DeSoc, by contrast, is a stochastic social pluralism, a network of individuals and communities that, as emergent attributes of each other, collectively determine their own future. From the perspective of web2, the development of DeSoc can be compared to the rise of participatory government popular in monarchies for centuries. Participatory government did not necessarily lead to democracy, it also led to the rise of communism and fascism. Similarly, SBTs do not make digital infrastructure inherently democratic, but compatible with democracy according to what Souls/soul clusters and Communities/community clusters decide together. Opening up this space of possibility is a clear step up from the authoritarianism of Web2 and the anarcho-capitalism of DeFi.
refer to
[8] We say"innocent", because highly cooperative groups will naturally seek to advance their interests, likely for the sake of their collective interest.

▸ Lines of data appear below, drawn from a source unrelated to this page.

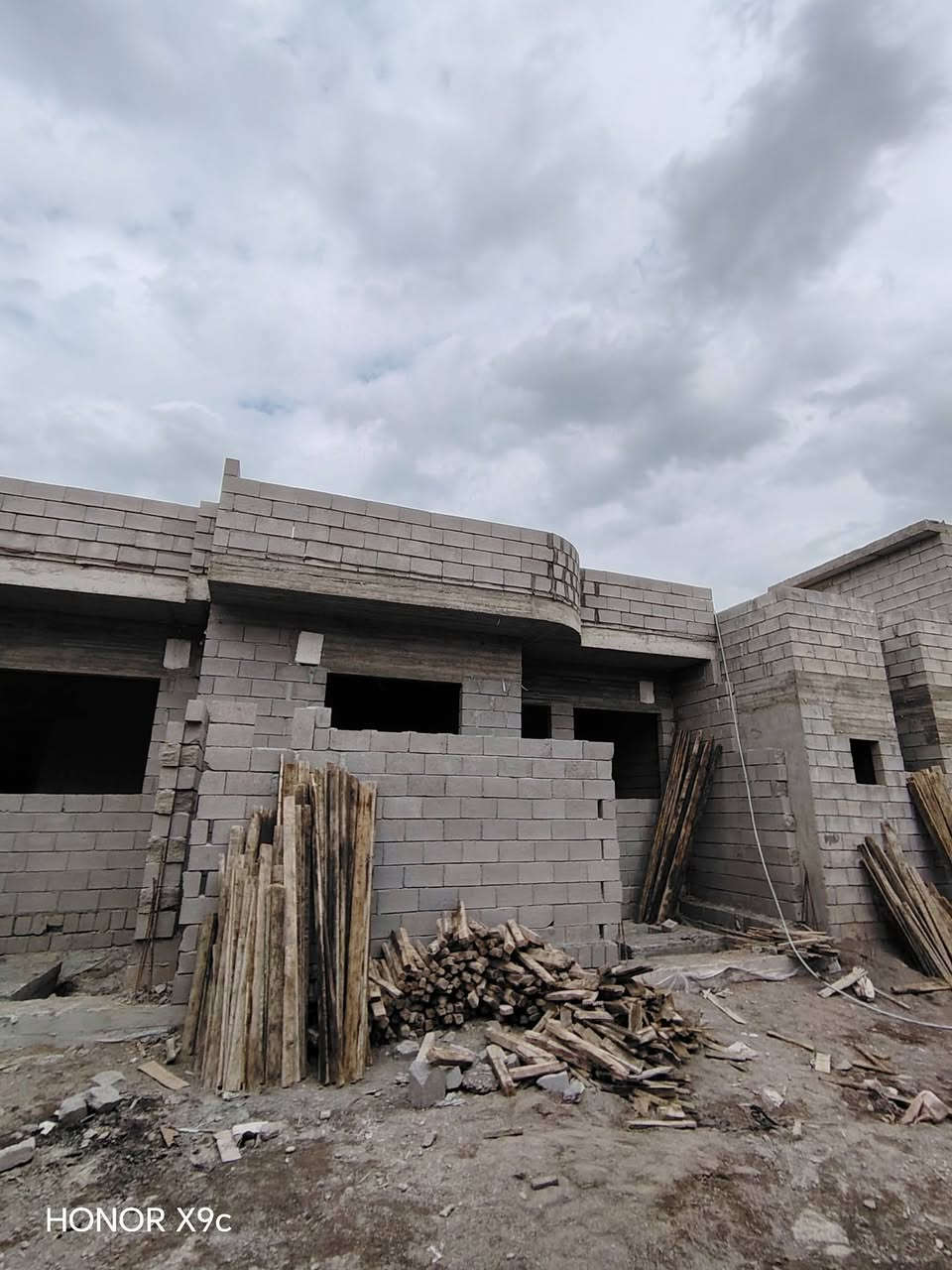 ثلث هياكل.  للبيع في حي القوسيات 

خلف المدرسه الصنيه 

مساحه.  الهيكل.   110. م.   مربع 

يتكون من غرفتين نوم هول
 استقبال مشتملات مطبخ
 كراج 

سند زراعي نموذج 25حق التصرف سند ابيض وصل بلديه 

خدمات ماء كهرباء التبليط 150. 

موقع 🌐مميز جدا مكان مرتفع 

اساس بادلو حديد .  بناء حديث 

السعر.    27.   مليون.    بي مجال شي قليل 

الاستفسار بل الارقام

[9] Under the quadratic rule, team members can buy a contract that pays $X conditioned on the occurrence of the event, but at a cost of (X^2)/$2. For example, if the event occurs, an individual who sets X=0.5 will receive $0.5, an amount paid by the voter, and in any event pays at least $0.125.
[10] If a person evaluates the probability p, their expected reward Λ is pX and the cost is X^2/2. Taking derivatives on X, the optimal condition is p=X, assuming risk neutrality, which is reasonable for small bets (reward Λ and cost can be arbitrarily reduced or increased, and the same argument still holds).
[11] See Eric Posner, Glenn Weil, Radical Markets: Uprooting Capitalism and Democracy for a Just Society, Princeton University Press, 2018.